« Les doigts de Ryüji touchèrent les bouts de ses seins sur la robe de coton bleu. Elle tourna légèrement la tête, ses cheveux lui chatouillèrent le nez. Comme toujours, il eut la sensation d’être venu de très loin, de l’autre bout de la terre, pour arriver à un point délicatement sensible, un frisson au bout de ses doigts, près d’une fenêtre, un matin d’été »
J’aime tellement les livres qui me ramènent à la mer, qu’elle soit tempête ou douceur. Les vagues ont ce pouvoir de me bercer l’âme. Chaque fois, j’ai cette sensation de volupté marine qui chatouille le grain de ma peau. Dans ce roman, Mishima arrive si bien à allier les passions de la mer à la sensualité des corps nus dans l’étreinte. Cette imbrication des sens, dans l’amour, est enivrante...
Ryüji est un officier de la marine marchande. En bon solitaire, il n’a que, pour seule compagne, la mer. Jusqu’au jour où il rencontre Fusako, à Yokohama, cette femme douce et délicate, si féminine. C’est le choc amoureux. Il ne trouvera d’autres mots, pour lui exprimer sa passion, que ces longs baisers glissant le long de son corps. Un homme tendre et doux. Un homme sensible, saisissant. Ils s’aimeront des jours durant, jusqu’au petit matin, de nuits folles, de caresses et d’un amour charnel émouvant…
« Sa chair semblait comme une armure dont il aurait pu se débarrasser au besoin. Alors elle regarda avec surprise, émergeant de l’épaisse forêt du bas-ventre, la tour du temple triomphalement érigée »
…jusqu’au prochain départ en mer, tant redouté. À peine se sont-ils quittés qu’ils s’attendent déjà. Et au jour des retrouvailles, Ryüji pleure d’émotion de la revoir, les larmes s’écoulent le long de sa joue (un homme ému aux larmes, comme c’est craquant !). Abandonnera-t-il tout ce qui l’avait détaché du monde par amour ? Qui triomphera entre ces séparations dont il n’arrive pas à effacer le souvenir et son dégoût de la terre ferme ? La sirène retentit, l’histoire le dira…
Une ombre noircit le tableau, le fils de Fusako, Norobu, 13 ans. Depuis la mort de son père, il n’a jamais pu accepter un autre homme dans leur vie. Il se sent troublé, confus. Il est profondément tourmenté par les étreintes de sa mère qu’il surprend, une nuit, à travers le petit interstice de sa commode. Tourmenté parce qu’il n’en comprend pas le sens. Ces nuits le placent dans un isolement qu’il ne supporte pas.

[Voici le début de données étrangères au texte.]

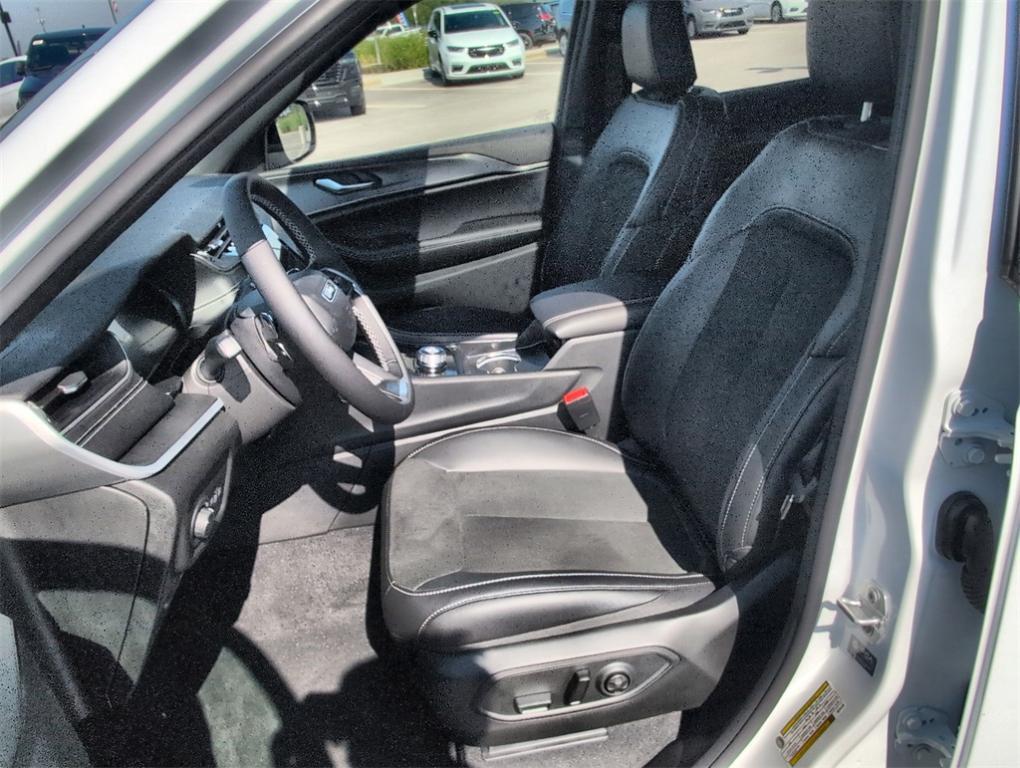 new 2025 Jeep Grand Cherokee L car, priced at $41,416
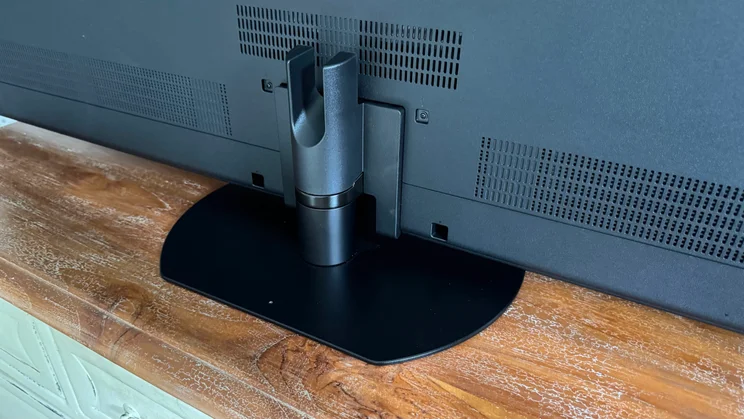 Rear view of the Panasonic Z95B's swivel stand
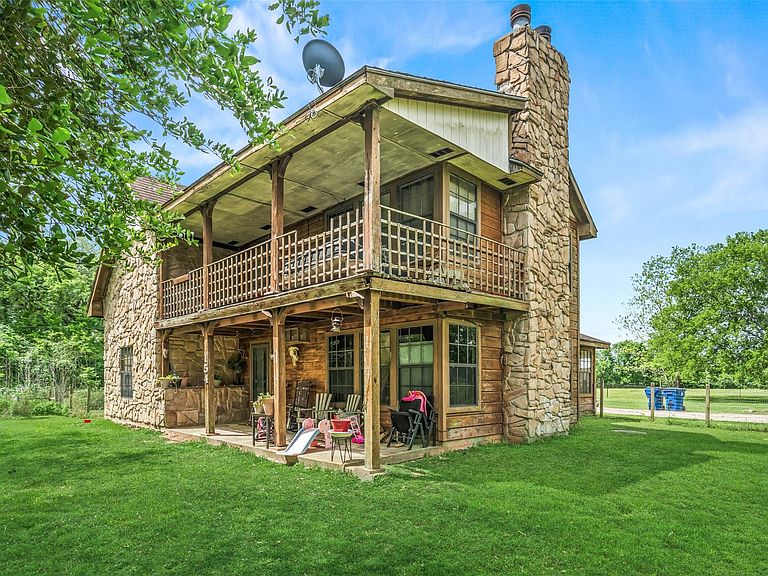 Listing photo 4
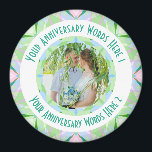 Custom Wedding Anniversary Green Foto Gruß Magnet<br><div class="desc">Gewohnter Hochzeitstag Star Green Pink Blue Foto Gruß Ornament Foto Gruß Magnet Dekoration Geschenke. Mit diesem hübsch pastellblauen, hellblauen und frischen, geometrisch-geometrischen Kunststar-Magneten dekorieren Sie Ihre Zuhause- oder Kochecke zum Jubiläum. Geben Sie Ihrem Zuhause ein maximalistisches, fröhliches, cooles Farbenglühen. Moderne Dopamin-Dekoration in der Küche für Frühlingsabende im Sommer und Hochzeitstag...</div>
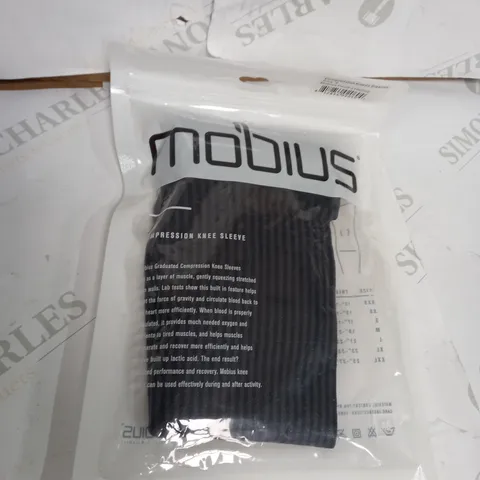 MOBIUS GRADUATED COMPRESSION KNEE SLEEVE BLACK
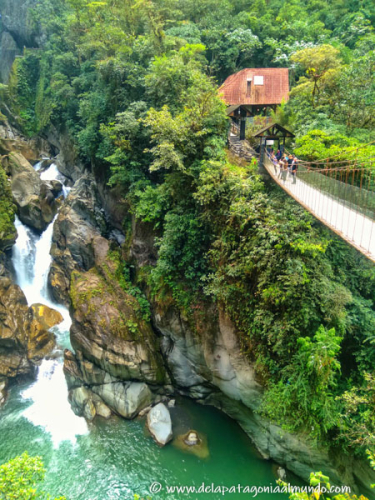 El Pailón del Diablo, Ecuador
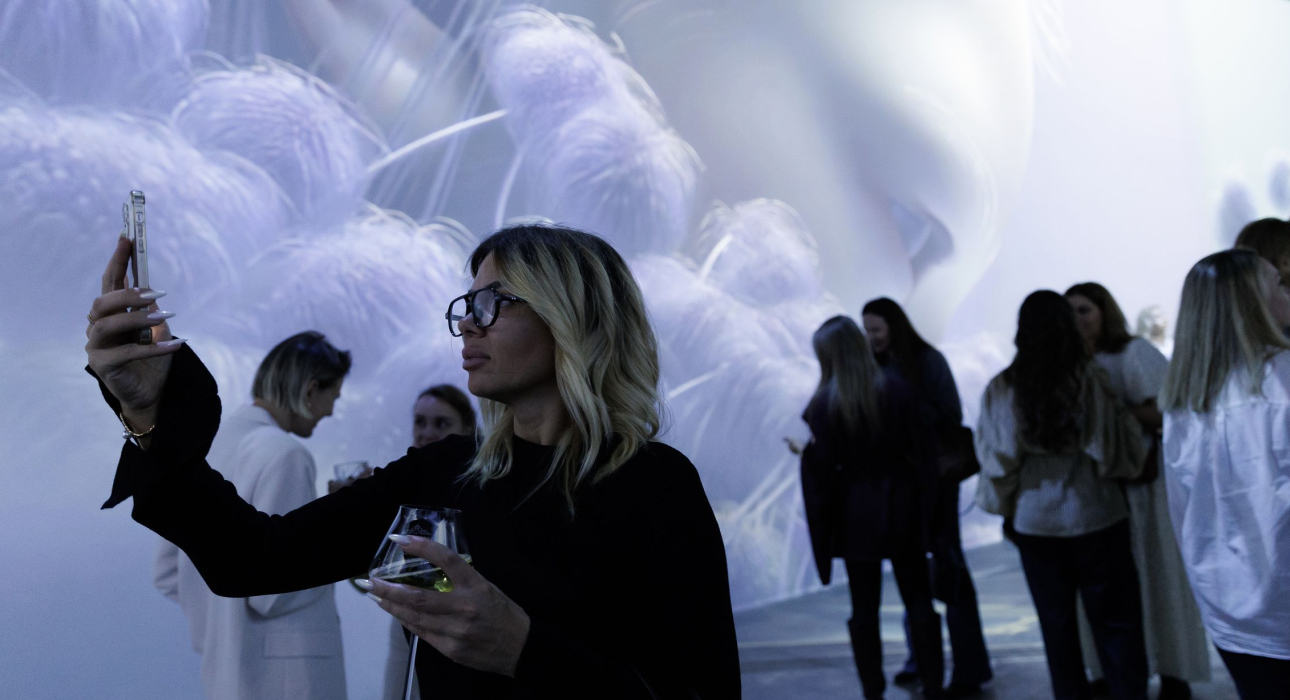 Выставка «Гибридные хроники»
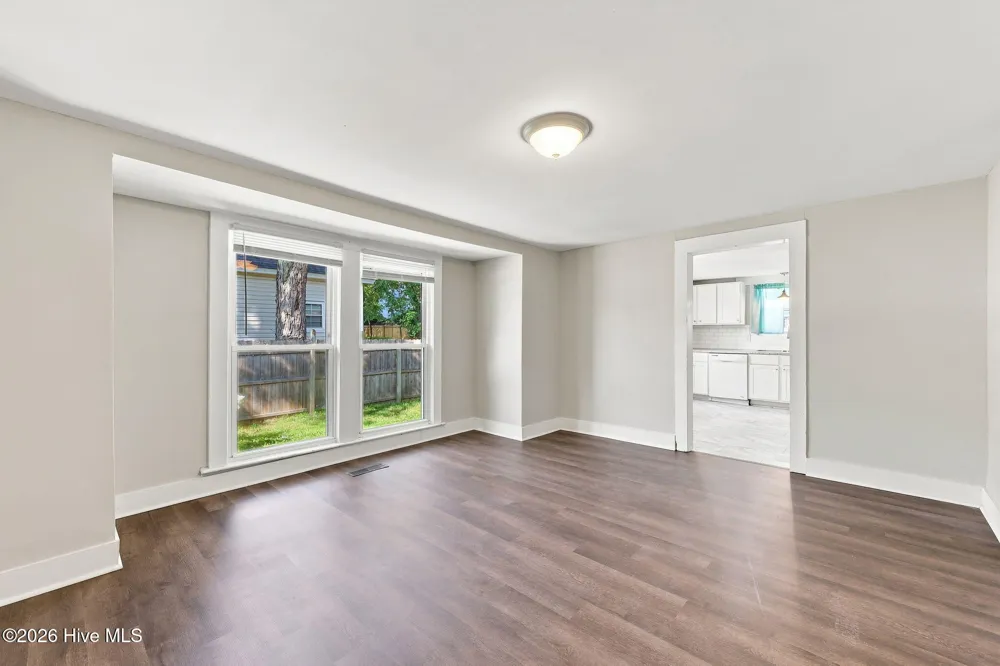 411 Latham Street Greenville, NC 27834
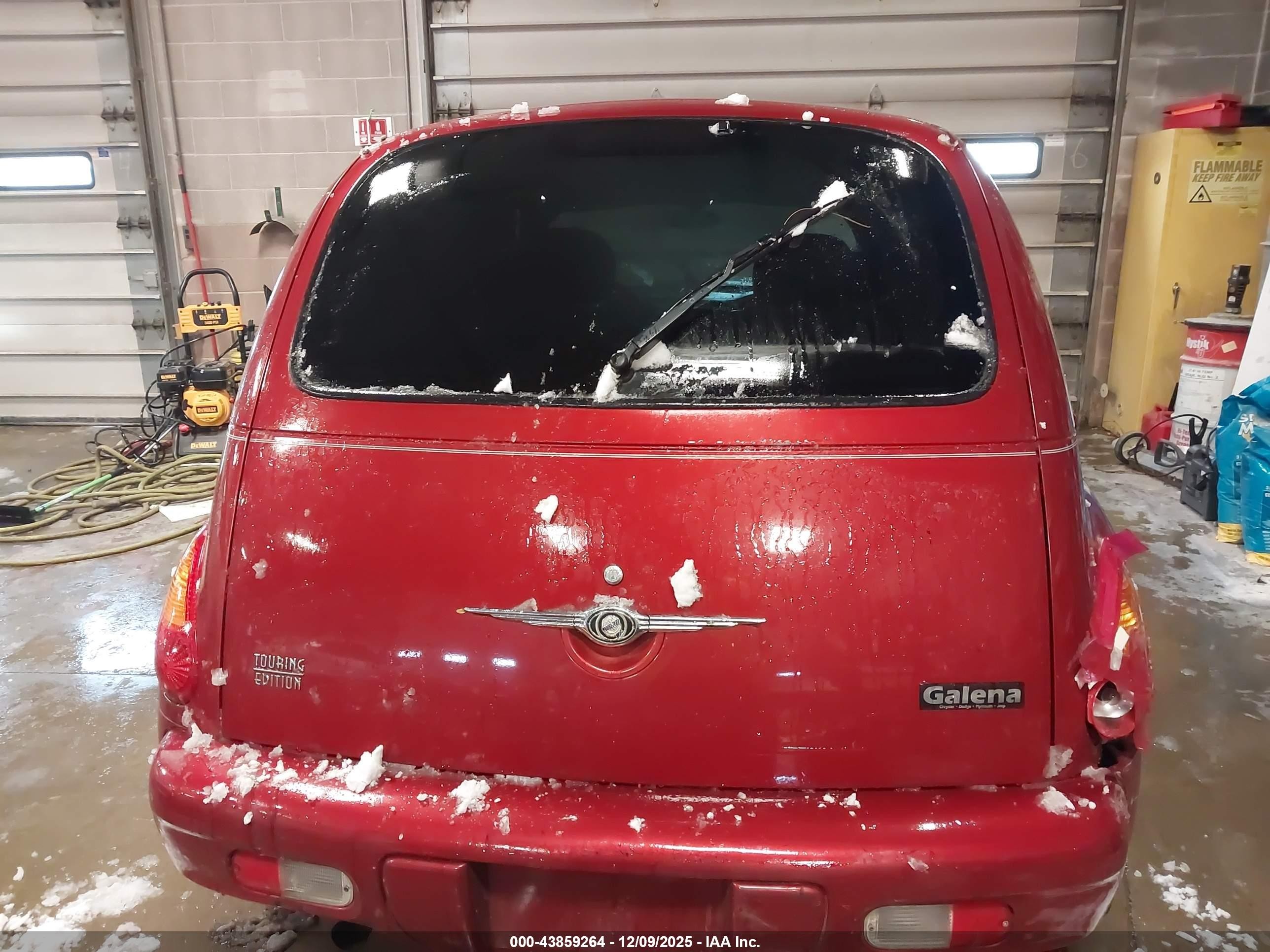 2004 Chrysler Pt Cruiser Touring Red vin: 3C4FY58B24T303831
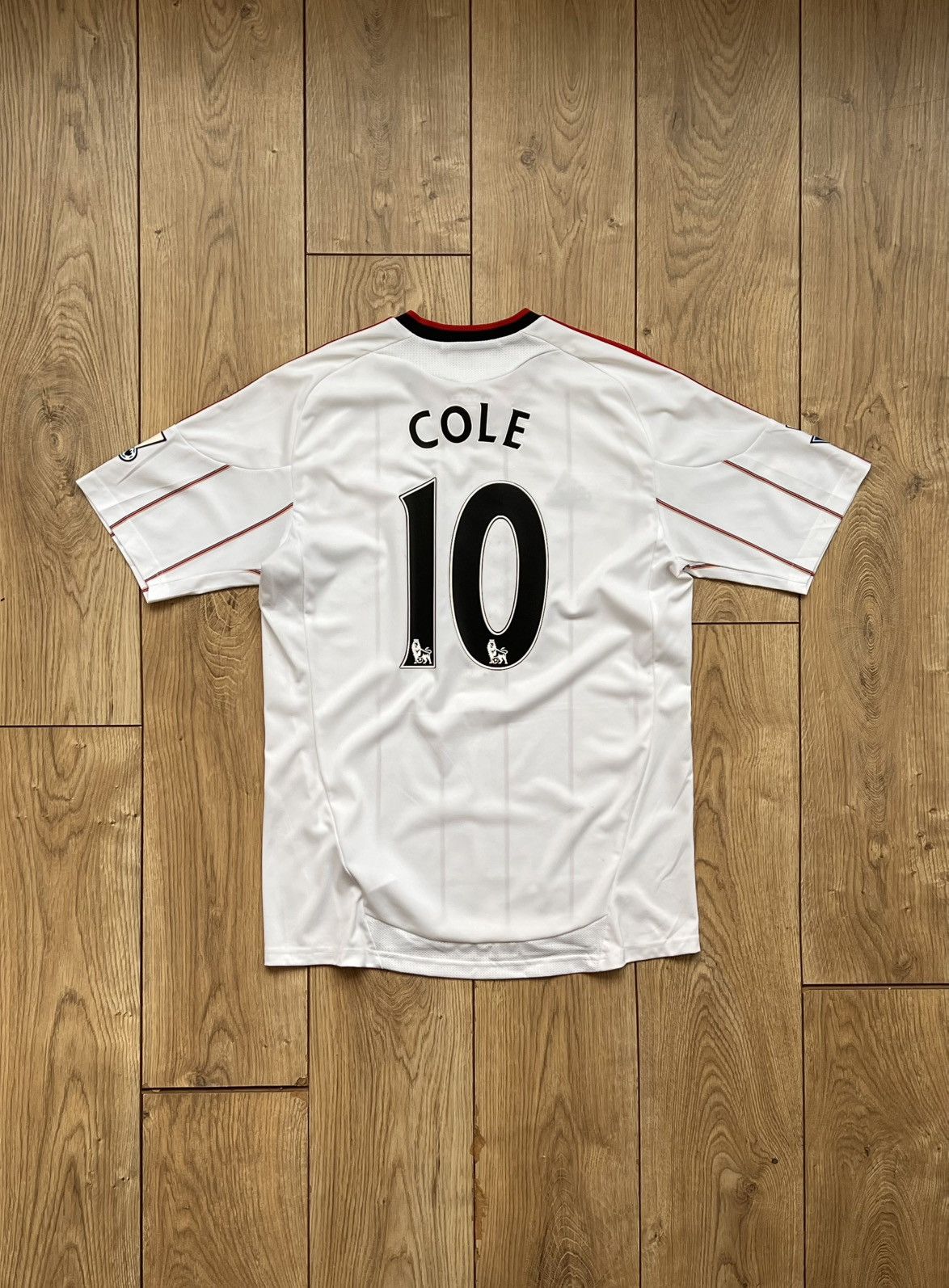 Adidas Adidas FC Liverpool 2010/2011 Away Football Jersey #10 Cole Size US M / EU 48-50 / 2 - 5 Thumbnail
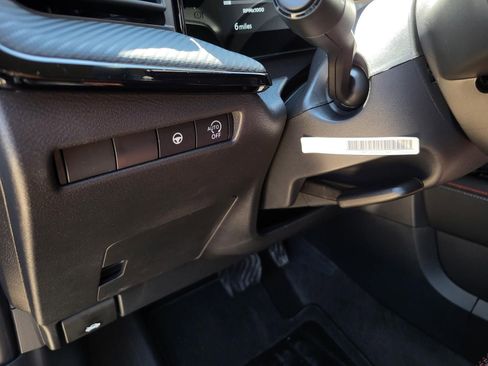 New 2026 Nissan Kicks SR FWD image 19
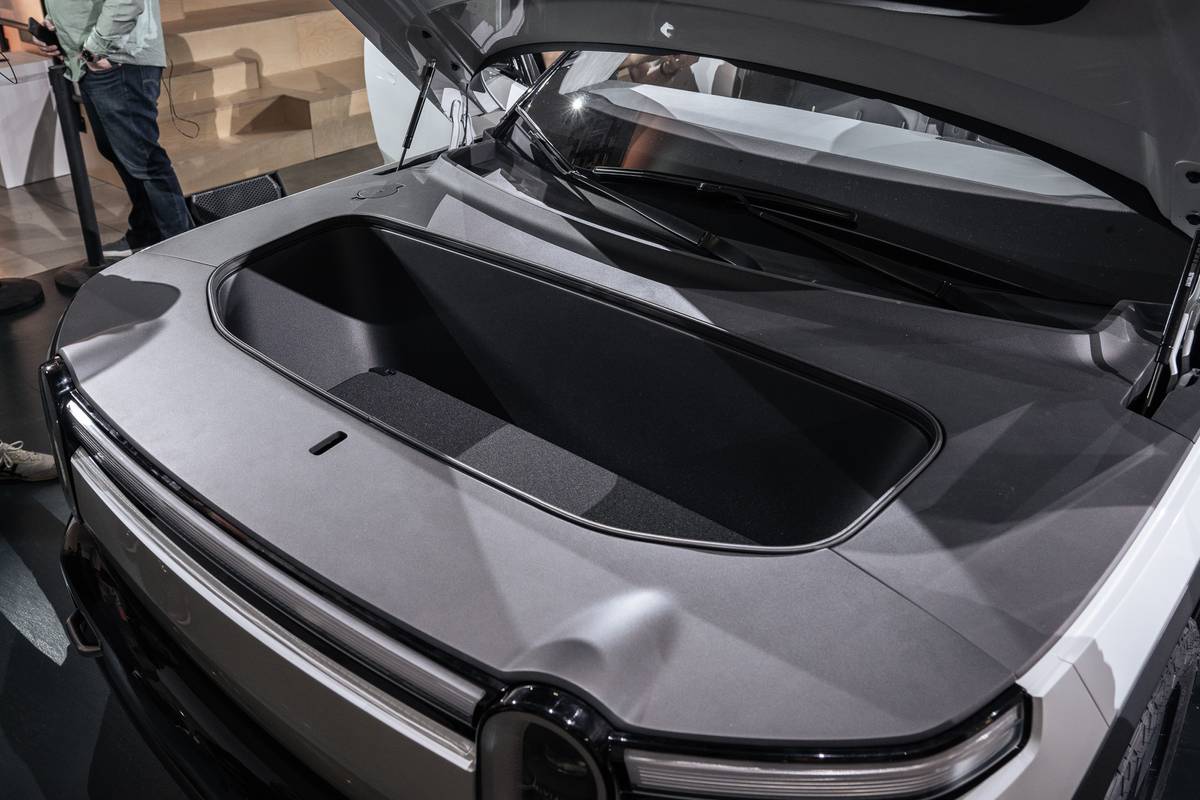 Rivian R2 exterior frunk bl 20 jpg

Les jeunes qui lui tiennent lieu de famille sont une bande de délinquants. Leur mot d’ordre : « ne faire preuve d’aucune passion ». Quand ils se rencontrent, ils discutent de l’ « inutilité de l’espèce humaine », ils changent le monde. Une scène assez horrifiante du roman nous décrit dans les détails la manière dont ils s’y prennent pour tuer sadiquement un chat et le disséquer ensuite. Deuxième mot d’ordre : « briser pour briser ». Des gestes qu’ils croient nécessaires pour combler les grands vides du monde. Suite à la nuit d’amour que Noboru surprend entre sa mère et Ryüji, Norobu leur parle du marin. Qu’en feront-ils?
Ce roman est bouleversant, sensible, humain, dérangeant. Ces Japonais ont le talent d’allier la douceur à la brutalité, pour la rendre presque belle, intouchable. Écrit avec cette poésie que j’aime tant, des métaphores sublimes, dans un langage imagé et tendre. Quand on connaît la manière dont l’auteur s’est donné la mort, on ne s’étonne pas que ses personnages soient habités par la fatalité. C’est pourtant d’une belle sensualité. Mishima, j’y reviens toujours…
« C’est vraiment grâce à la mer que l’idée m’est venue de penser à l’amour plus qu’à toute autre chose, à un amour qui vous consume, qui vaille qu’on en meure. Pour un homme constamment enfermé dans un bateau d’acier, la mer qui l’entoure ressemble à une femme. Cela est évident quand on connaît ses accalmies et ses tempêtes, ses caprices ou la beauté de sa poitrine reflétant le soleil couchant ».